Habit Tracking

Habit tracking is the practice of measuring whether you performed a habit. The simplest form: mark an X on a calendar each day you complete the habit. "Don't break the chain."


Three Benefits

  1. It's obvious — a visual record keeps the behavior salient (1st Law)
  2. It's attractive — progress feels good; the streak itself becomes motivating (2nd Law)
  3. It's satisfying — marking the X is an immediate reward after completion (4th Law)

Habit tracking is one of the few strategies that touches three of the Four Laws simultaneously.


The "Never Miss Twice" Rule

Missing one day is an accident. Missing two days is the start of a new habit. The rule: if you miss once, get back on track immediately. The first mistake is never the one that ruins you — it's the spiral of repeated misses that follows.

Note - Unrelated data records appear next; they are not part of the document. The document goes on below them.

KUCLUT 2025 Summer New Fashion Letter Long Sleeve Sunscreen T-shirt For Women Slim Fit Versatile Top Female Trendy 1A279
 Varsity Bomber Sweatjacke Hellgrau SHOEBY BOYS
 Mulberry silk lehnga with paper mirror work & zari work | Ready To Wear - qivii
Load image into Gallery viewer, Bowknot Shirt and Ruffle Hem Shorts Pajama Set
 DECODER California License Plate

This is a form of damage control. Perfection is not the goal; consistency is.


Pitfalls

  • Tracking the wrong metric — measuring what's easy to count rather than what matters. Goodhart's Law: "When a measure becomes a target, it ceases to be a good measure."
  • Over-tracking — tracking too many habits creates overhead that kills motivation. Track only the most important ones.
  • Nonscale victories — don't let the number on the tracker override the qualitative experience. A workout you hated still counts.